Dear Mum,
After a long campaign resisting development by local residents lasting more than two years, the Planning Inspectorate have finally given permission for the demolition of the King of Denmark pub on Ridgway, in the heart of the West Wimbledon Conservation Area. It is expected to be replaced by a new building resembling the next door shops. There's to be a 'gastro pub' at street level and offices above.
In the end the local residents group conceded that the building was 'not of such architectural quality that we could sustain an objection to the principle of demolition". Got to agree with them there - although in fairness, it seems the objections were based not so much on the demolition of the existing building but reservations about the design quality of the successively proposed alternatives for the site.

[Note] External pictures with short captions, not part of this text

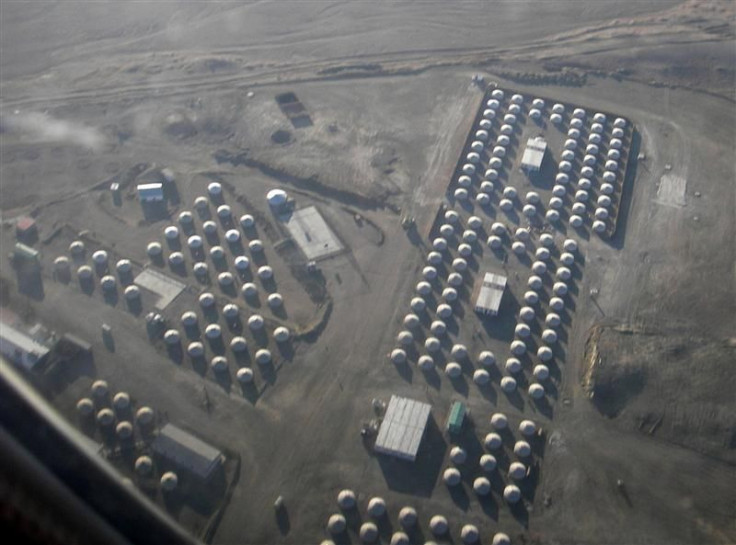 Aerial view of traditional Mongolian tents which will house workers of Oyu Tolgoi copper and gold deposit in Mongolia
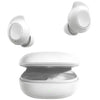 Samsung Galaxy Buds FE wireless earphones in white color with a white charging case open to show the earphones inside.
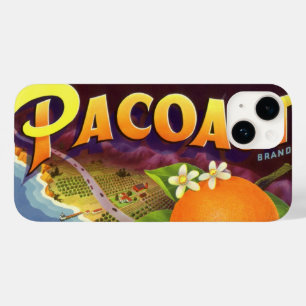Coque Pour iPhone 14 Vintage Fruit Crate Art Étiquette, Oranges Pacoast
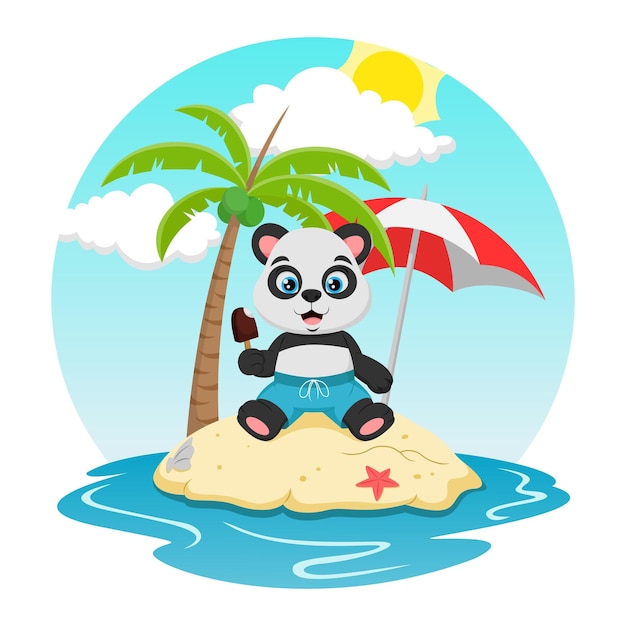 Desenho de panda fofo na praia tropical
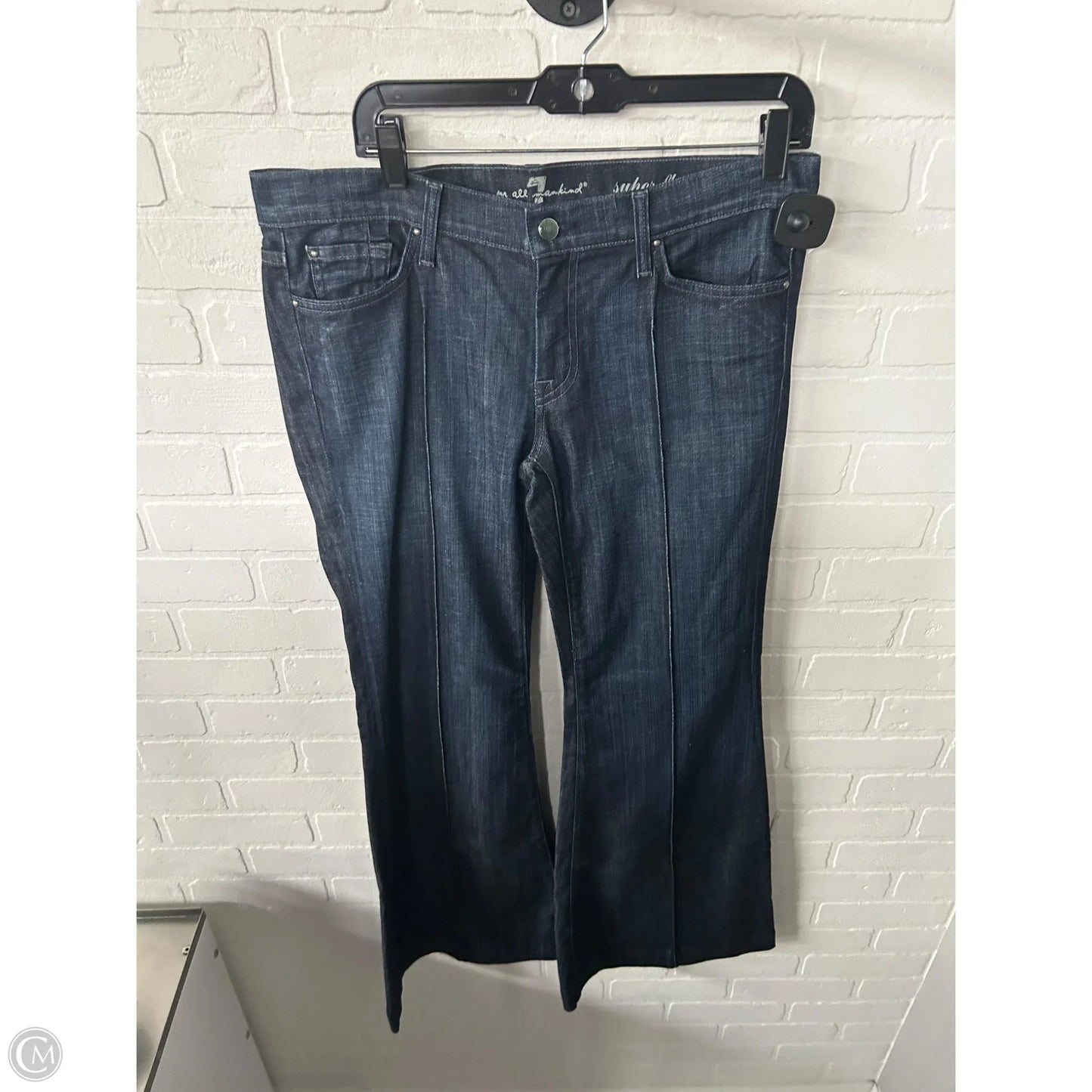 Jeans Flared By 7 For All Mankind In Blue Denim, Size: 14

Notes for a guided walk around Wimbledon suggest the pub was established around the 1860s but I have no idea how good a source that it. According to the current owners of the site, the building we see today (but perhaps not for much longer?) was purpose built as a public house with a saloon bar in 1933. I have seen a photo of the Ridgway taken just before the first world war which shows the King of Denmark but the building is very different - at that time it sold 'Maidstone Ales' (see Richard Milward's Historic Wimbledon).
It is said that the King of Denmark used to be part of the (in)famous 'Wimbledon Eight' pub crawl - a favourite pass time of the talented actor and renoun drinker, Oliver Reed.